You'll start to see them soon. Buzzing overhead while you sunbathing nude on your private purchased home/land. Of course you don't own the air above you right? Nothing new though since anyone can attach a video camera to a heli or model airplane.

Alex Jones mentioned these are already being used by LEO in CT???

Drones go mainstream - Jan. 9, 2013


----------



## Watercanlady (Jul 23, 2012)

Very interesting read...they will be very bored if they are videoing us.....


----------



## Old Man (Dec 10, 2012)

Just goes to show us the goverment is taking all you rights away. More and more every year. They look at us as little sheep being head for slaugher and we just keep going along with it. Congress is no long for for the people but for themselves and have been for years. They just takes us as fools.


----------



## MikeyPrepper (Nov 29, 2012)

Wow thats crazy. Eventually you knew it would happen


----------



## rice paddy daddy (Jul 17, 2012)

Hmmmm. I wonder if 12 ga #5 shot turkey loads would get the job done?
There never was a mention of what loads the bird hunters in South Carolina used to shoot down the PETA drones (2 of them :razz
The civilan drones are no where near as high flying or sophisticated as a military drone.
And yes, where I live it's perfectly legal to shoot in my own yard.


----------



## yzingerr (Dec 9, 2012)

its really nothing new. Satellites fly over your house several times a day, and many can see the print on a newspaper sitting on your porch. Its just now the drone cameras are in your face, not miles above the earth


----------



## Old Man (Dec 10, 2012)

You are right!
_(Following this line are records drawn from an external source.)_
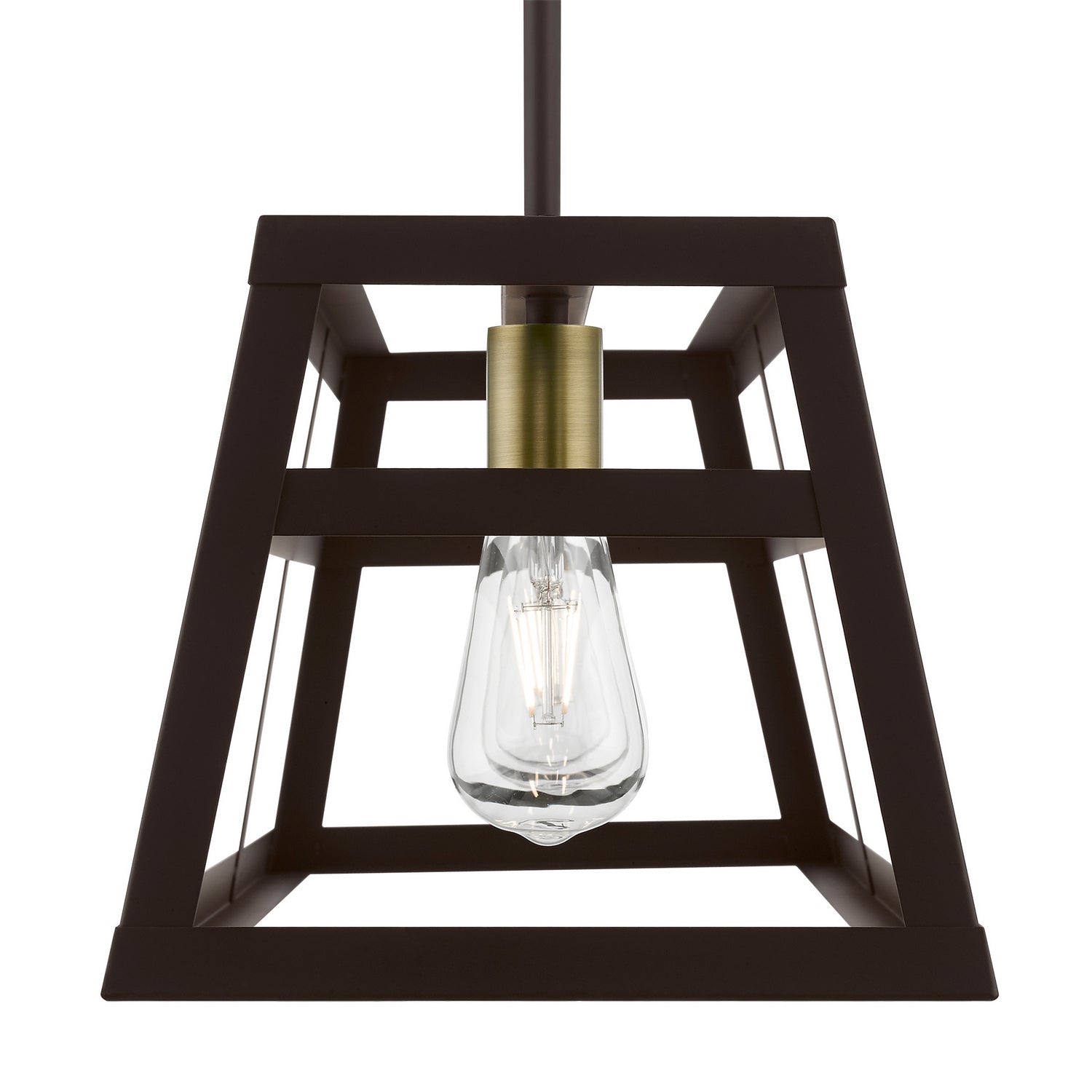 Livex Lighting - 49563-07 - Three Light Linear Chandelier - Schofield - Bronze w/Antique Brass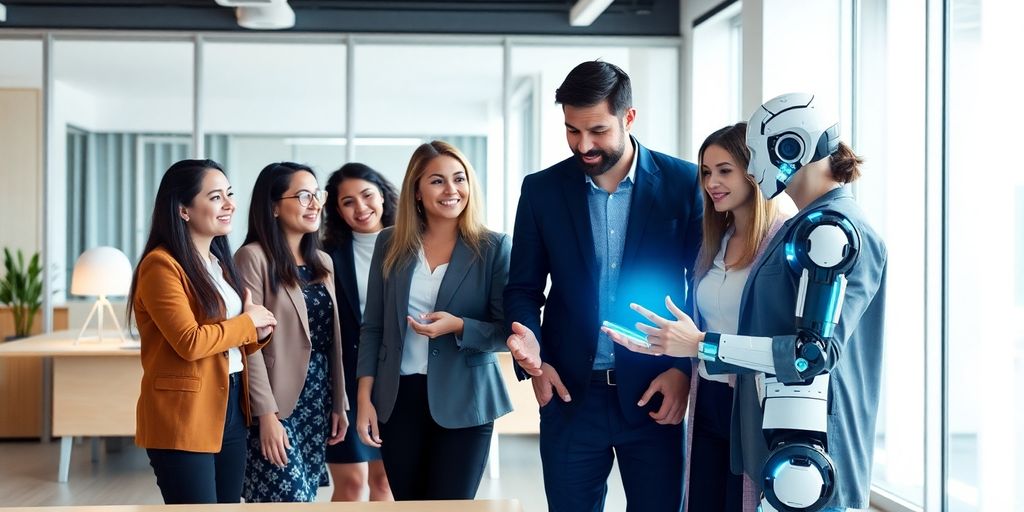 Diverse sales team interacting with an AI sales bot.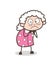 Cartoon Frightened Old Granny Vector Expression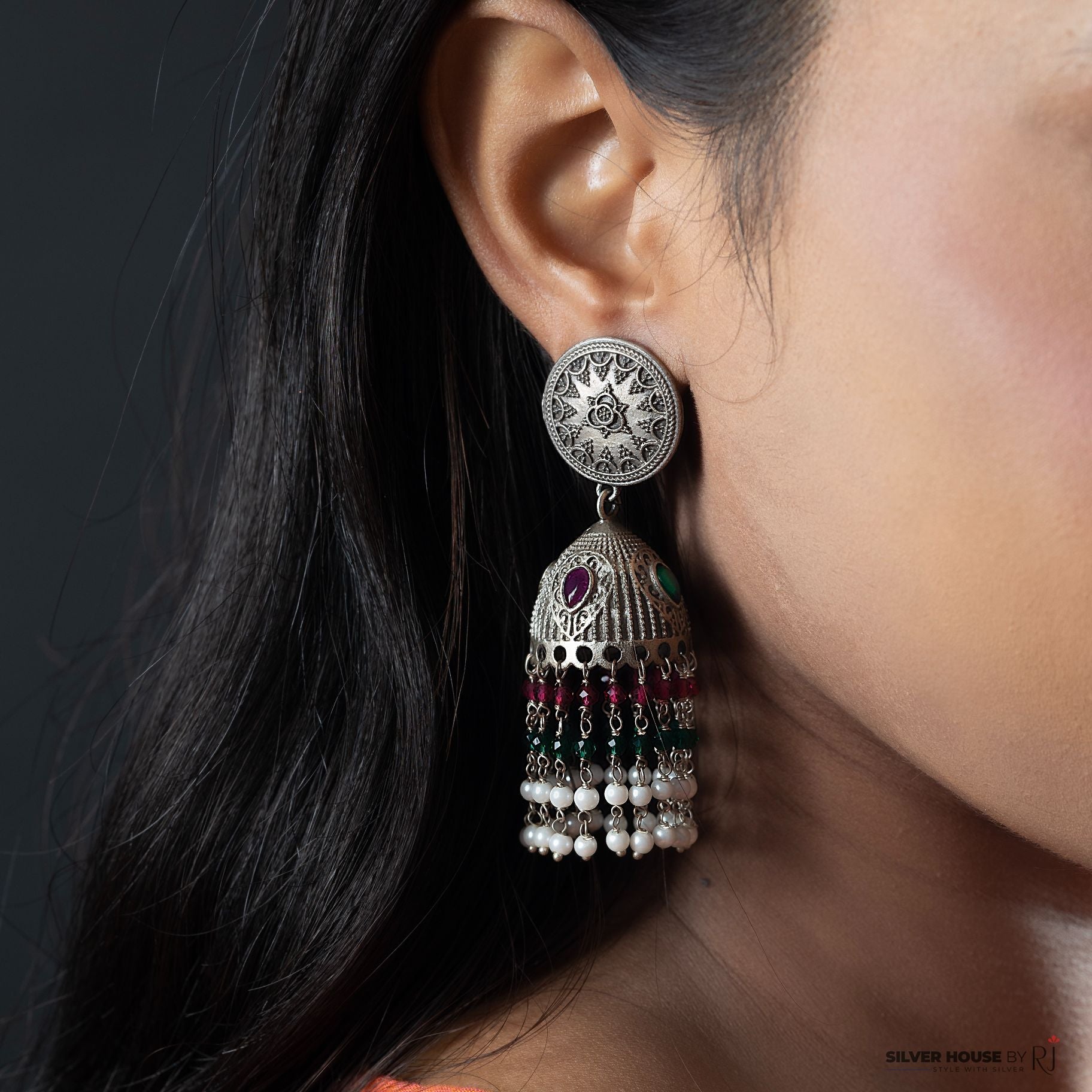 Jhumka with Multicolour Hanging Tiny Pearls silverhousebyrj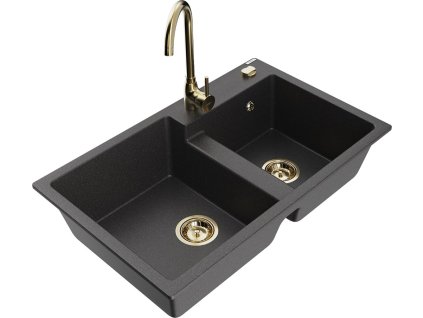 MEXEN/S - Tomas granitový dřez 2-bowl včetně baterie Telma, černá kropenatá 6516-76-670200-50
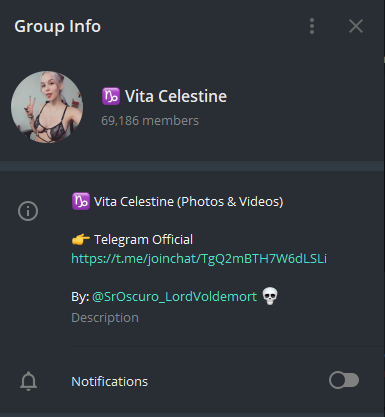 Onlyfans telegram celestine vita Telegram channel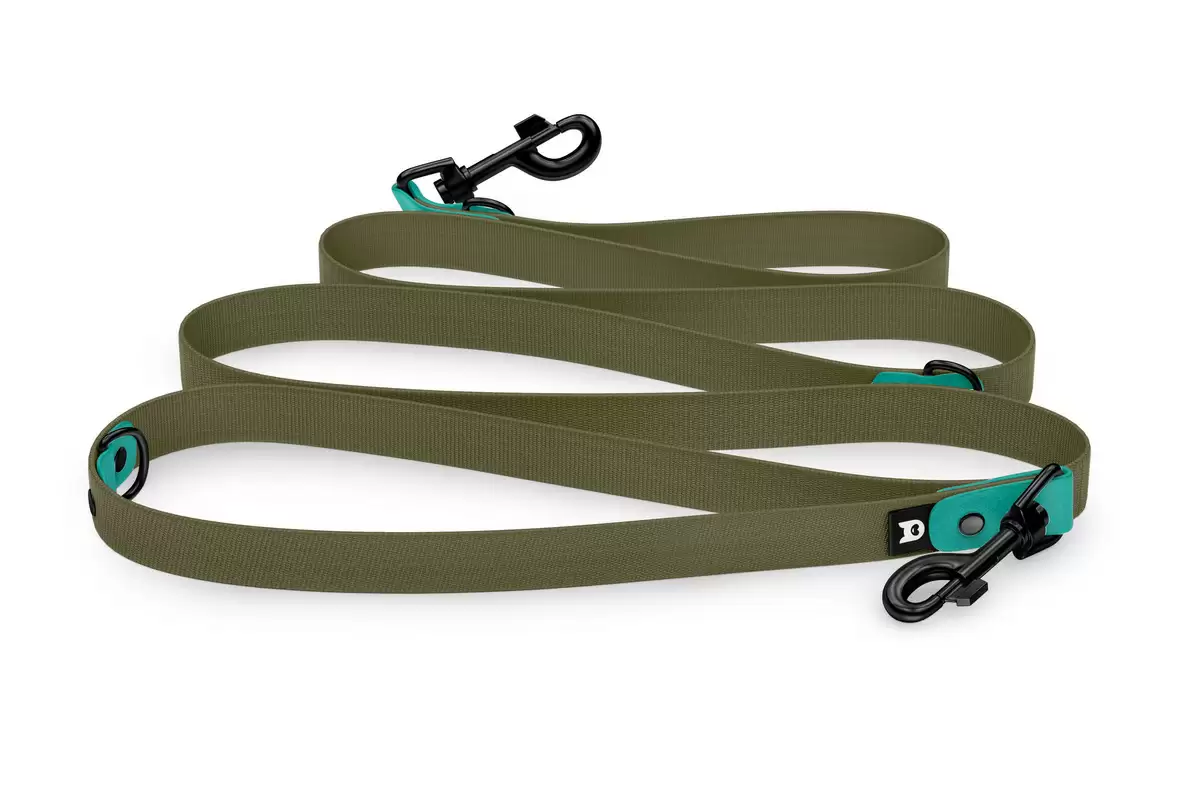 Dog Leash Reduce: Pastel green & Khaki with Black components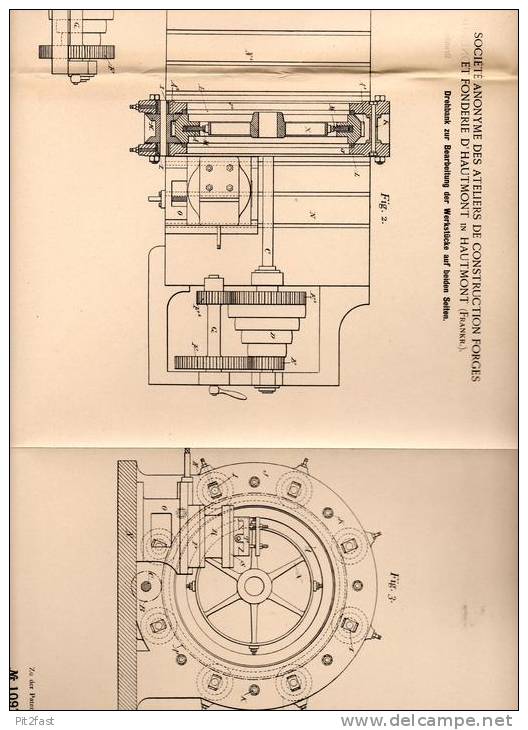 Original Patentschrift - Construction Forges Et Fonderie D´ Hautmont , 1898 , Drehbank Für Beidseitige Bearbeitung !!! - Tools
The only thing different is the goverment use to be secret about it. Now they don't even try to hide it.


----------



## rice paddy daddy (Jul 17, 2012)

Out here in the boonies the county sherriff's on both sides of the state line regularly fly light planes looking for pot patches in the woods.
Find 'em, too.
But some civilian outfit snooping on me is a completely different matter.


----------



## 9UC (Dec 21, 2012)

And to think while in Nam, some of our low life cs supervisors used to borrow some of the early versions of the night scopes and attempt to see what we were up at our posts to once the sun set.


----------



## shotlady (Aug 30, 2012)

i heard seatle pd already uses this.

they will be bored to death with me. work, range, wolf sanctuary, big cat sanctuary, bloomingdales. repeat. im like clock work same thing/same time. my roadtrips vary, activity and location. just find the nice hotel afterwards and you can catchup me there.


----------



## shotlady (Aug 30, 2012)

they had three stealths out pretty low flying over the DM range in the angeles forest last weekend. and some other heavy duty palnes, flying quite low through the mountains. i looked up and asked my buddy just to make sure i was seeing what i thought i was seeing...


----------



## AsteroidX (Dec 11, 2012)

Im not pacified enough. Im afraid I might be the next drone strike. ::saber::


----------



## shotlady (Aug 30, 2012)

lol thats why they are legalizing pot everywhere- so we can be stoned and not paying attention. it think its a unilatteral move.


----------



## AsteroidX (Dec 11, 2012)

or the start of an American Green party. ::rambo::


----------



## shotlady (Aug 30, 2012)

we gotta get something started. better than the cel phone party. lol on a side note. i always thought that was bs but one of my buddies on the sportbike forum says he actually met some 12 yr old with one. holy cow!!!


----------



## MikeyPrepper (Nov 29, 2012)

Lol hahahaha


----------



## LunaticFringeInc (Nov 20, 2012)

No problem. If these drones can carry a camera they can carry an auto loading 410 shotgun too and those peeping private drones with cameras can soon get expensive. Then I start to think about those model rockets...and some of the possibilities there. Some RC planes are already engaging in ariel dog fights for fun, this would just merely be an extention of that hobby. I see a lot of potential fun here, what about you?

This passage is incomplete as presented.